Web page caption snippets:
Segment Open

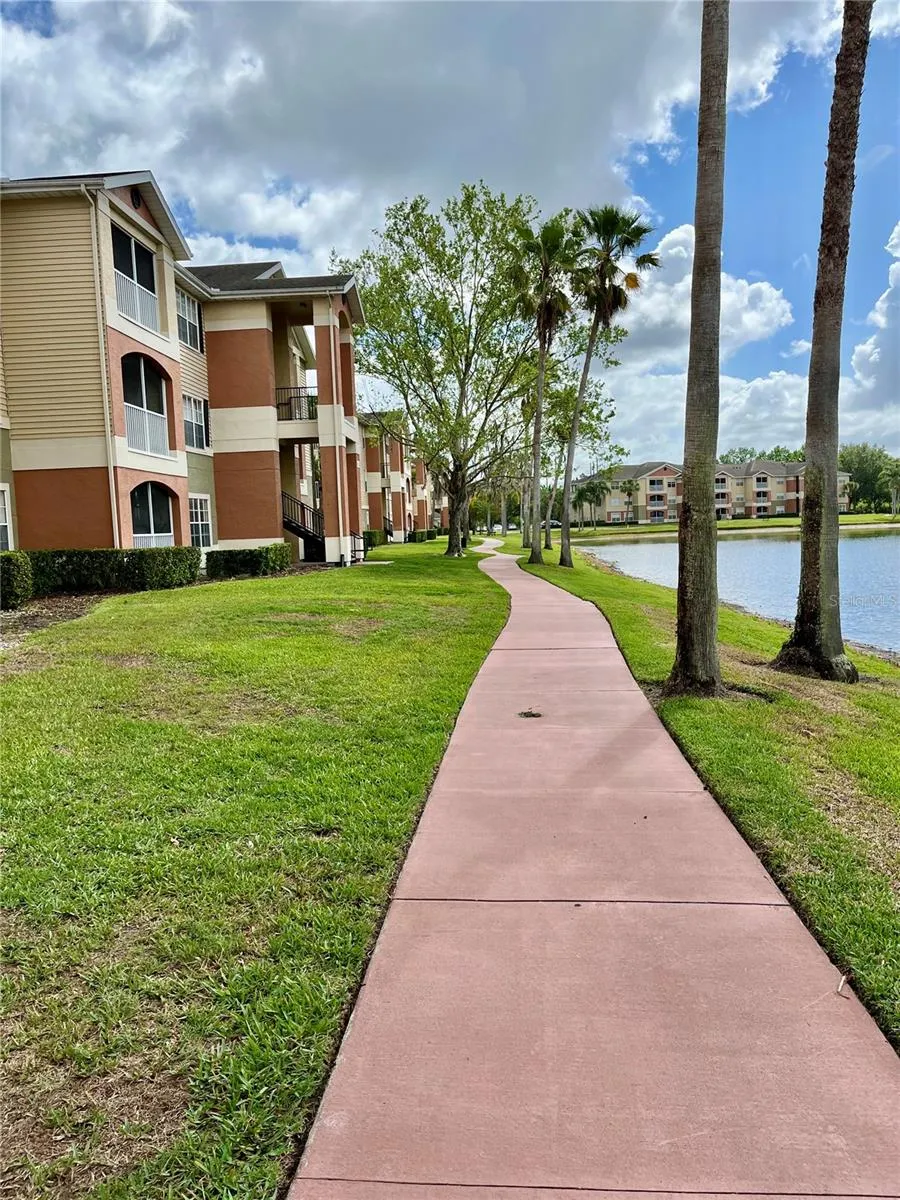 1939 SUMMER CLUB APT DRIVE #315 Oviedo, FL 32765
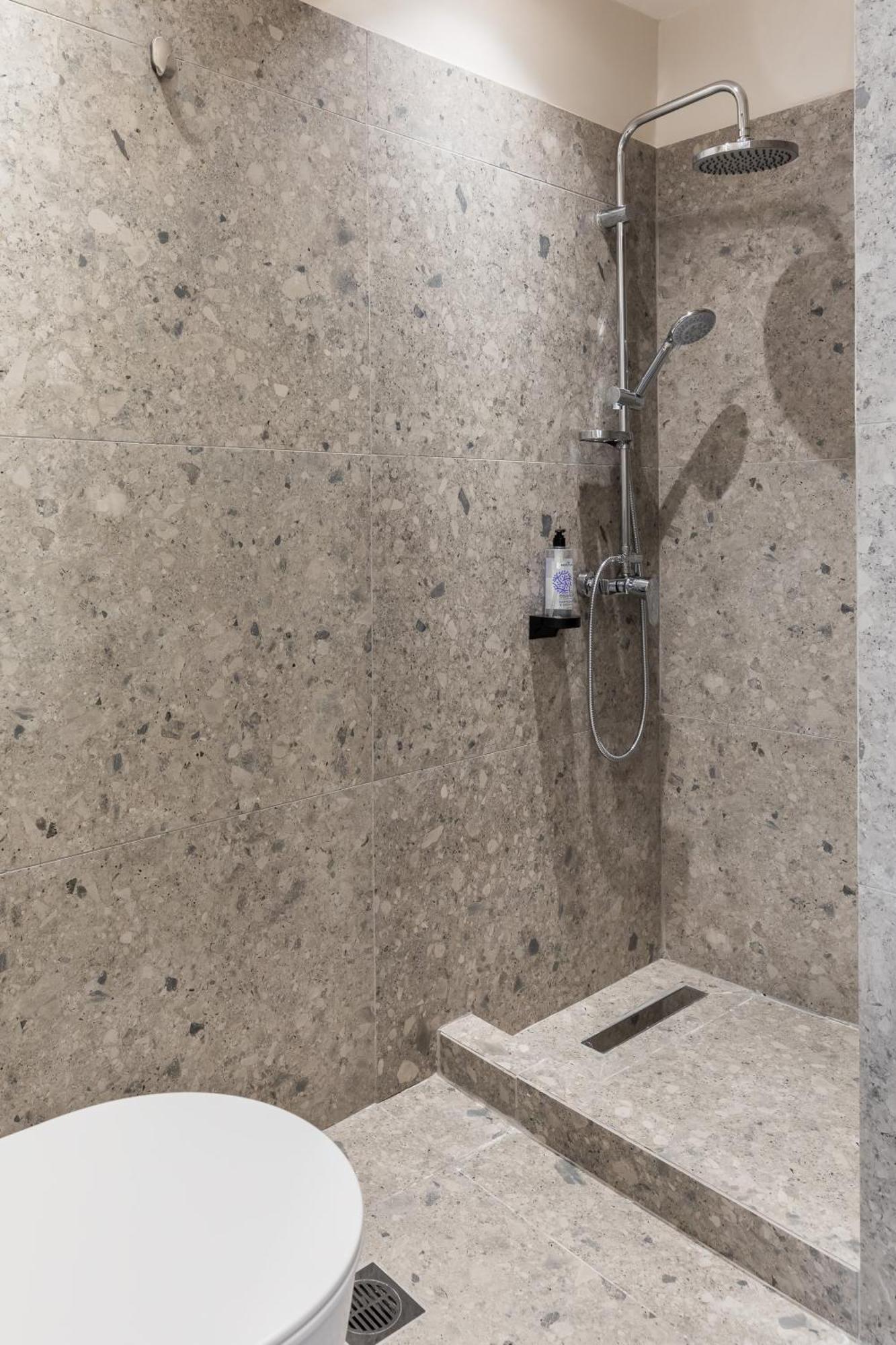 סלוניקי Amber Studios & Suites By Halu! מראה חיצוני תמונה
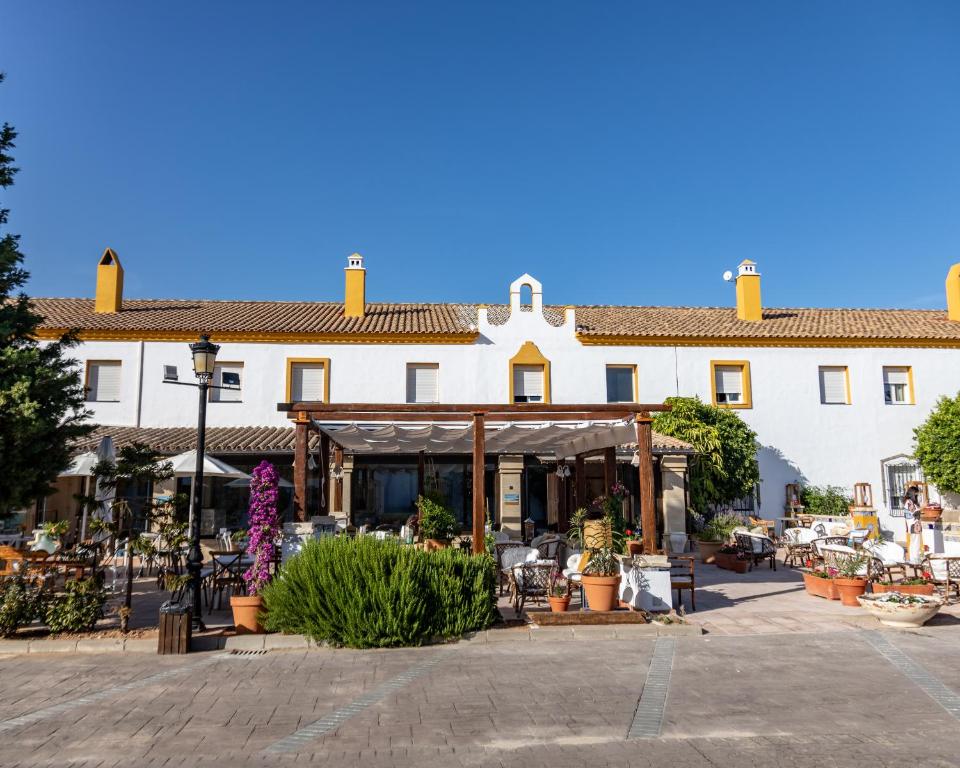 un gran edificio blanco con un patio enfrente en Puerta de Algadir, en El Puerto de Santa María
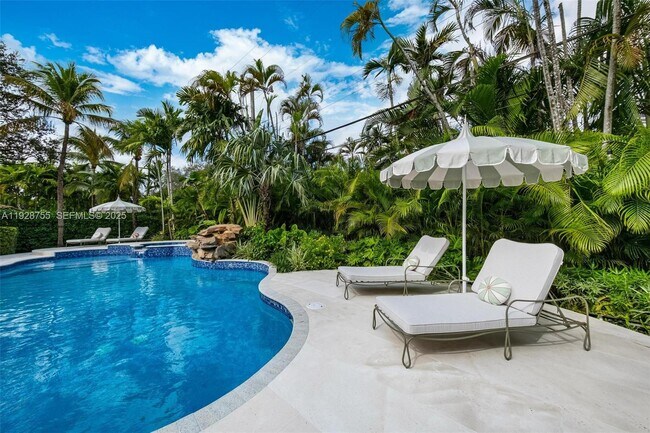 Building Photo - 1033 Almeria Ave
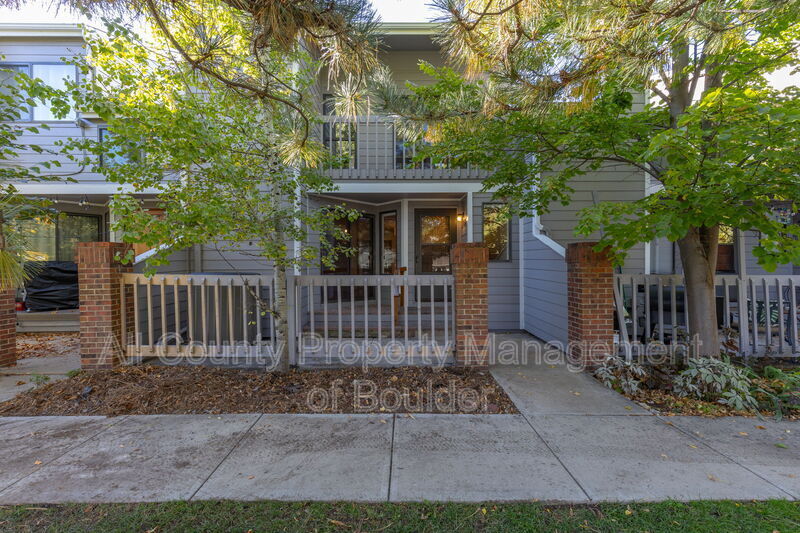 5056 Buckingham Rd in Boulder, CO - Building Photo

Segment Closed

[The problem]:
Please transcribe, word for word, every line from the one containing "un gran edificio" through the last line of the records, both included, and leave the pictures out.

[Solution for this exercise]:
 un gran edificio blanco con un patio enfrente en Puerta de Algadir, en El Puerto de Santa María
 Building Photo - 1033 Almeria Ave
 5056 Buckingham Rd in Boulder, CO - Building Photo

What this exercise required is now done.